For increase claims, VA wants evidence showing your service-connected condition has worsened, including the frequency, severity, duration, and functional impact of your symptoms.
For secondary claims, VA generally wants evidence showing a new condition was caused or aggravated by an already service-connected disability.
For presumptive claims, VA generally wants evidence showing you have a qualifying diagnosis and meet the required service, location, exposure, or time-period criteria—so VA can presume the condition is connected to your military service.

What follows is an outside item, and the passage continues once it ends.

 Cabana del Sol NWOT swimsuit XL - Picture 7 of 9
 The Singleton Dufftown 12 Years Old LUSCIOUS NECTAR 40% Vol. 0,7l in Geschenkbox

AI does not change the fundamentals.
You still need strong, competent, and credible evidence to prove your VA disability claim—not just AI-generated words on a page.
The Golden Rule of VA Claims AI: Organize the Truth, Don’t Invent It
Here’s the most important rule in this entire article:
Use AI to research, organize, and explain the truth. Never use AI to invent a story, symptom, diagnosis, event, or piece of evidence that didn’t happen.
AI can help you turn scattered notes, medical records, symptoms, and service history into a clearer statement or evidence checklist. That’s a smart use of AI.
For example, AI can help turn:
- “Back pain started after ruck marches.”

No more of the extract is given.